ここ数年のニコール・キッドマンは素晴らしい。10年前よりも綺麗になったし、出る映画のすべてが当たっているような気がする。その中でも僕がプッシュしたいのは「ドッグヴィル」である。鬼才ラース・フォン・トリアーによる寓話的な愛憎ドラマだ。ニコールには「ニコールにしか演じられない」と言わせるほどの才能があるが、この映画を見ると、なおさらそう思う。まさにニコールだからこそできた映画である。

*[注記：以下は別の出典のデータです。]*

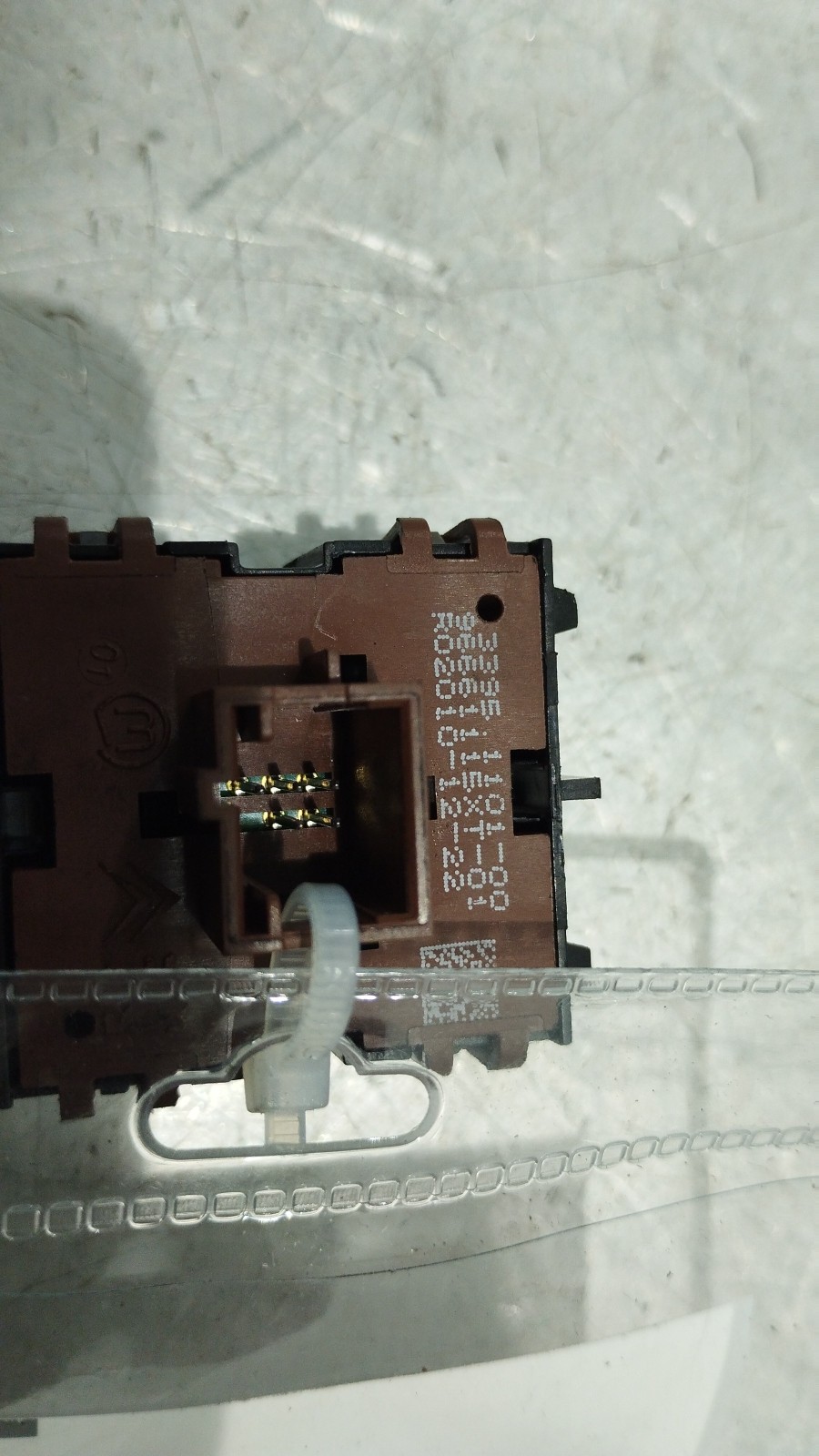 Switch PEUGEOT 508 I (8D_) | 10 - 18 Imagem-1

ドッグヴィルとは山奥にある架空の小さな村の名前である。人口は20人くらい。まだアメリカに訪れたことのないトリアー監督が想像したアメリカ社会がそこに込められているという。その村にある日謎の美女ニコール・キッドマンがやってきて、村の仮の住人となる代わりに、村人たちのお手伝いをしなければならない状況になる。最初はその村の生活を楽しんでいるのだが、しだいにニコールと村人の関係は奇妙なものになっていく。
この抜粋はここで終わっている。